▶ _LISTED ENTRIES_:
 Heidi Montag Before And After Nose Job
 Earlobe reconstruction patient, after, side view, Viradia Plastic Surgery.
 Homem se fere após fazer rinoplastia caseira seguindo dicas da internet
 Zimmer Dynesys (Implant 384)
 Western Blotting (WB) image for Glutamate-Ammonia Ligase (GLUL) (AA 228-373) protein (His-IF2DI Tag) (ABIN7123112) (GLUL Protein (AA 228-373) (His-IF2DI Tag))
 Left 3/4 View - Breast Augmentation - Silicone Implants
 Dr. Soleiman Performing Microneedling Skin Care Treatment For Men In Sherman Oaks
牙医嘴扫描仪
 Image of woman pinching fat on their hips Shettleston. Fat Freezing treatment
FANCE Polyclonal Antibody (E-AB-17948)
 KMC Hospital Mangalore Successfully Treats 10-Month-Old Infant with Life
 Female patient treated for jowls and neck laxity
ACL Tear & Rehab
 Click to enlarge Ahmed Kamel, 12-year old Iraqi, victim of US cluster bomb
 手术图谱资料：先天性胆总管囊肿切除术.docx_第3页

==

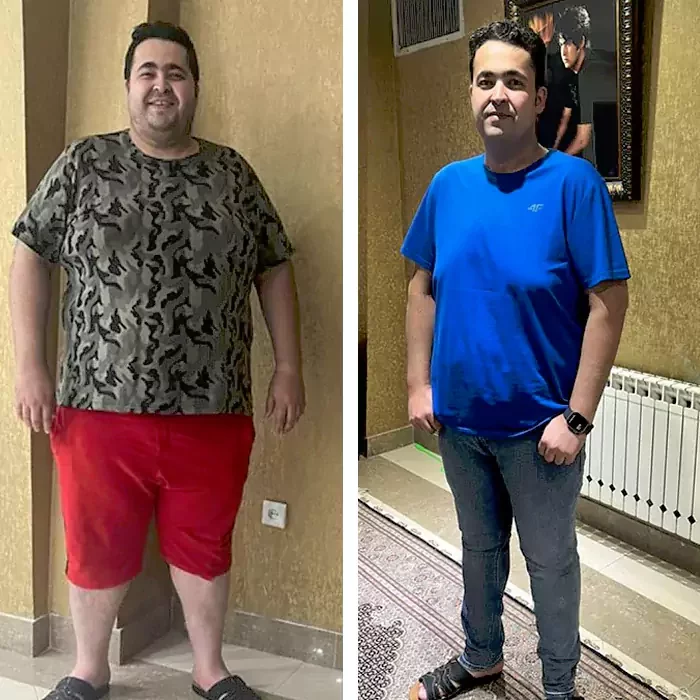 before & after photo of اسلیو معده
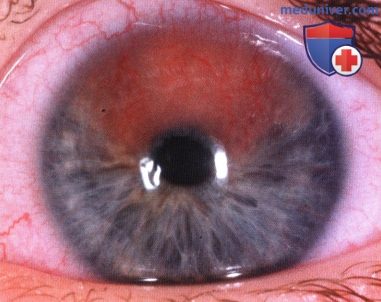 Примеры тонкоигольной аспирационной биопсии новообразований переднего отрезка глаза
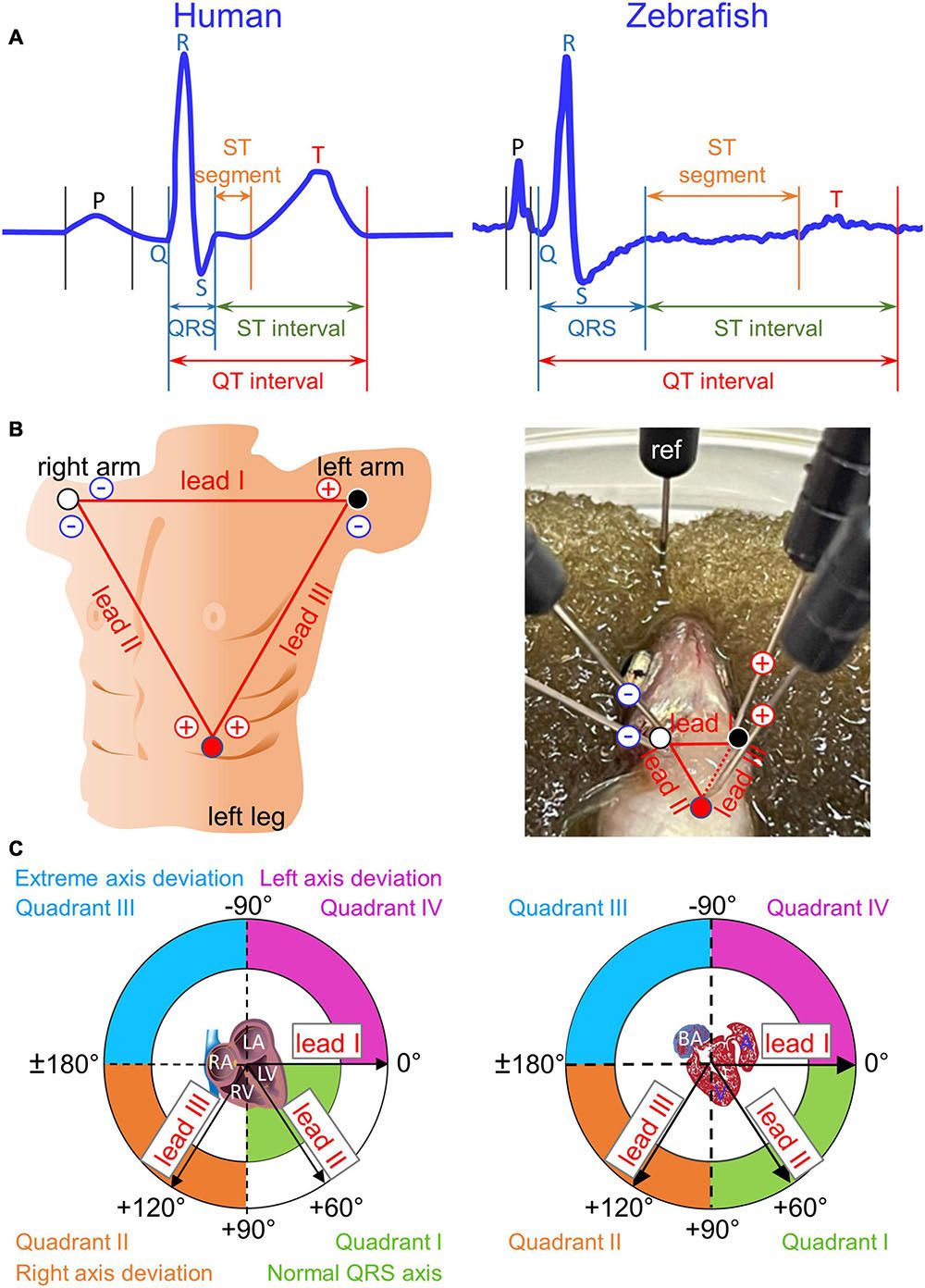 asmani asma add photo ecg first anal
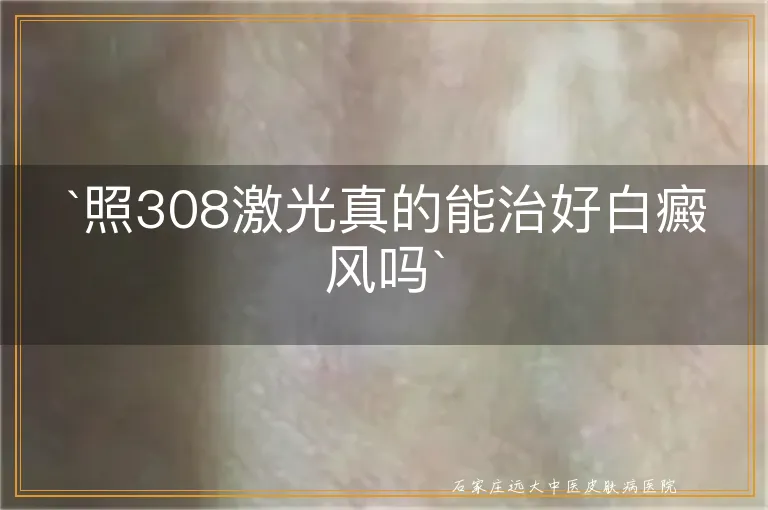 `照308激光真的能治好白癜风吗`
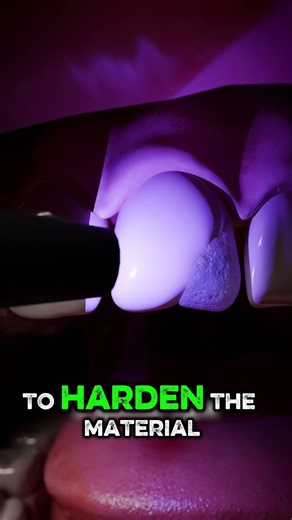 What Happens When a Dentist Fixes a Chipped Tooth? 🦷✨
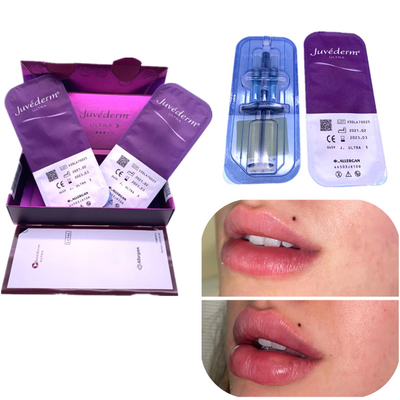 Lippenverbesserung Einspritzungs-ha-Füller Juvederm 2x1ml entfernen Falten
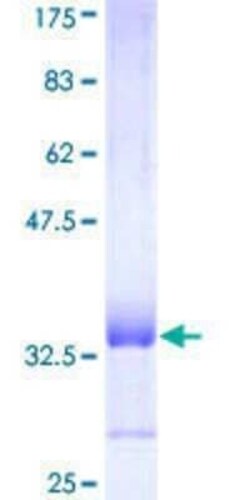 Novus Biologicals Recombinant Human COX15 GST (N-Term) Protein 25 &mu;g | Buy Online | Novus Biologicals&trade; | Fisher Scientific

==

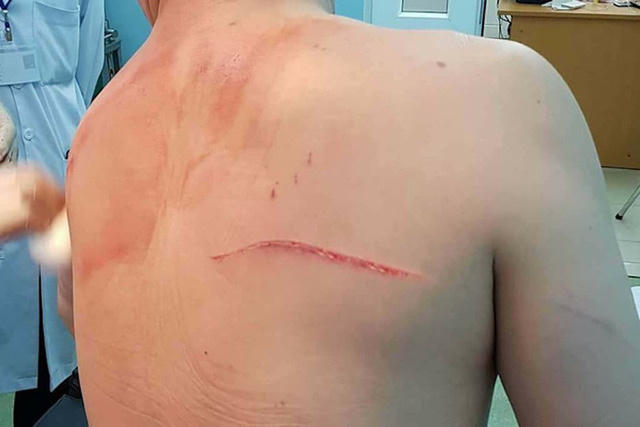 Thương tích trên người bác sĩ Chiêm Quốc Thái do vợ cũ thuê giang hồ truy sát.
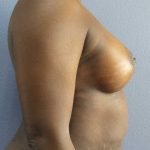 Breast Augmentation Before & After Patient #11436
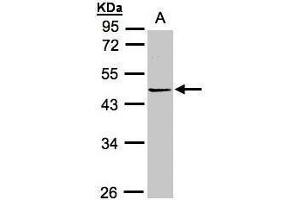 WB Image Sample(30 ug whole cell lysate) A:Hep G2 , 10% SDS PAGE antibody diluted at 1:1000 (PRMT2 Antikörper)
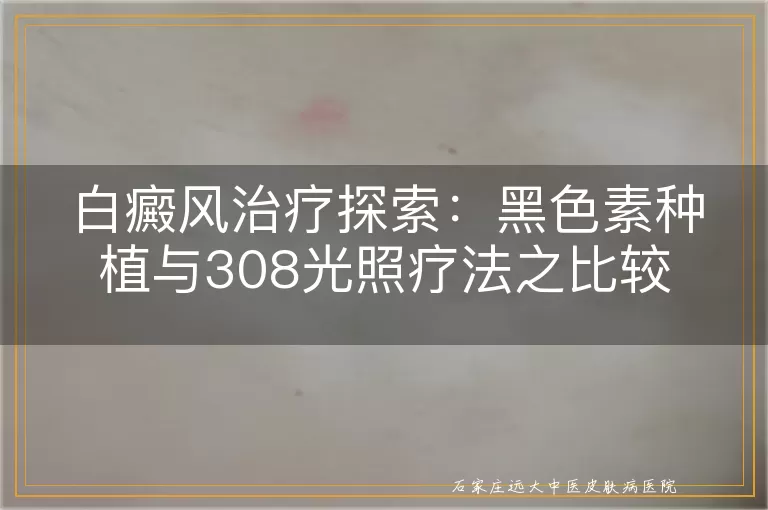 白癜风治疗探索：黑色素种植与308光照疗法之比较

▶ _GOAL OF THE EXERCISE_: Your answer must be the exact lines from the records above, from the one containing "What Happens When" through the one containing "Novus Biologicals Recombinant", both included, with every picture left out.

▶ _TASK SOLUTION_:
 What Happens When a Dentist Fixes a Chipped Tooth? 🦷✨
 Lippenverbesserung Einspritzungs-ha-Füller Juvederm 2x1ml entfernen Falten
 Novus Biologicals Recombinant Human COX15 GST (N-Term) Protein 25 &mu;g | Buy Online | Novus Biologicals&trade; | Fisher Scientific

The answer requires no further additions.